Say goodbye to awkwardly holding up a camera phone in order to snap a shot of an outfit: Now, the mirror is recording you.
(Before you run around screaming about how creepy this sounds, know that the company has no plans to put its camera-loaded mirrors in dressing rooms. These mirrors would be for the floor of the store only, not where customers are undressing, according to Pickn'Tell's vice president of business development, Mark Frieser).
Here's the technical setup for these robo-mirrors: Pickn'Tell takes a full-length mirror and cuts out a rectangle the size of a 10-inch tablet in the upper right corner. It affixes a tablet inside that rectangle, so that the screen of the tablet can act as a sort of monitor and communications hub for the shopper. Pickn'Tell attaches a webcam via wire to the tablet.
Using the Pickn'Tell app on an iPhone or Android device, a shopper can connect to the mirror's tablet by inputting a unique connection code; that code turns on the camera inside the mirror. Using the smartphone, the shopper can then direct the mirror to either record a video for five seconds or take a snapshot. That footage then appears on the shopper's smartphone, which he or she can then post to Facebook or Twitter, for friends to comment on.
The Pickn'Tell app has several other fashion-related functions: a barcode scanner, with which you can scan the barcodes of products you're interested in and add them to a potential buying list; a list of stores and boutiques, with coupons, catalogs and pricing information; and a miniature social network, so that you can follow which articles of clothing your friends envy or appreciate.
Perhaps most fascinating and unique is the option to connect with a Wi-Fi enabled, webcam-loaded mirror at a store and record your image and send it to your social networks. Other social-shopping apps, like Pose and VIZL, make store catalogs available on a smartphone and let someone share fashions with friends. But Pickn'Tell installs hardware in mirrors to facilitate that sharing.
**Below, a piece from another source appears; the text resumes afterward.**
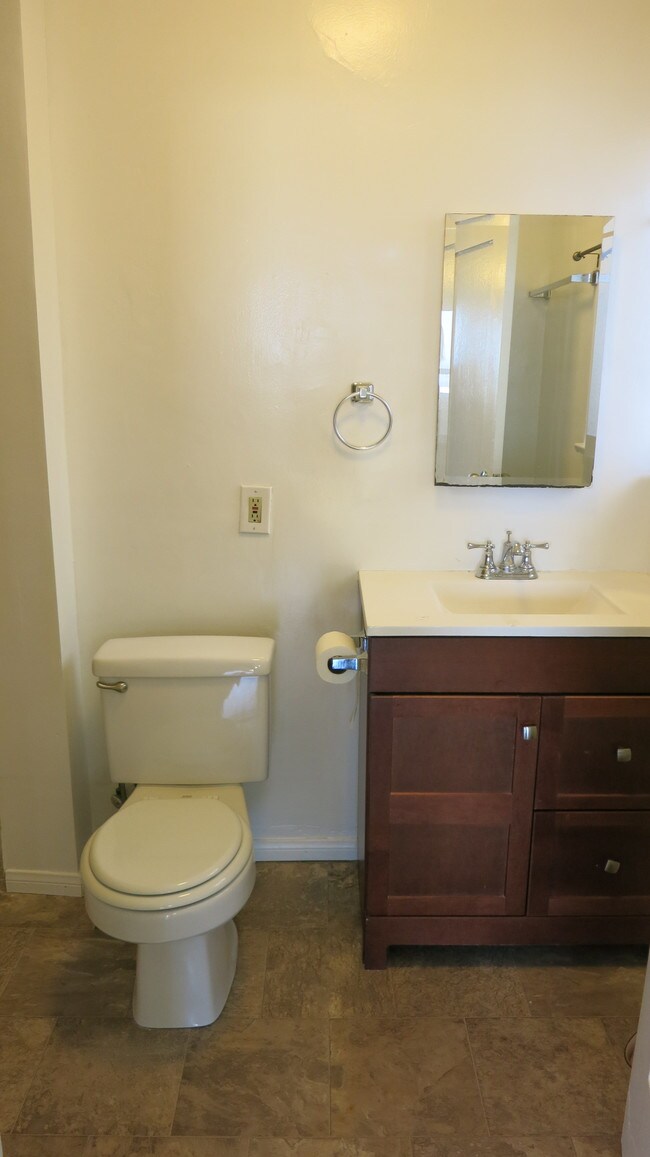 Baño reformado. - 3607 Crest Dr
Convincing store owners to allow third-party webcams in their mirrors -- and then assuring shoppers that recording themselves in public is safe -- will be an obstacle for Pickn'Tell. So far, the startup, based in Tel Aviv, Israel, has installed its mirrors in trendy Runway Couture in New York City's SoHo neighborhood and in Bee Free Boutique in Los Angeles' Silver Lake district. Company representatives hope that, by the end of the year, their wired mirrors will be within a 15- to 20-minute car ride from Los Angeles (or a quick subway trip from New York), Frieser said.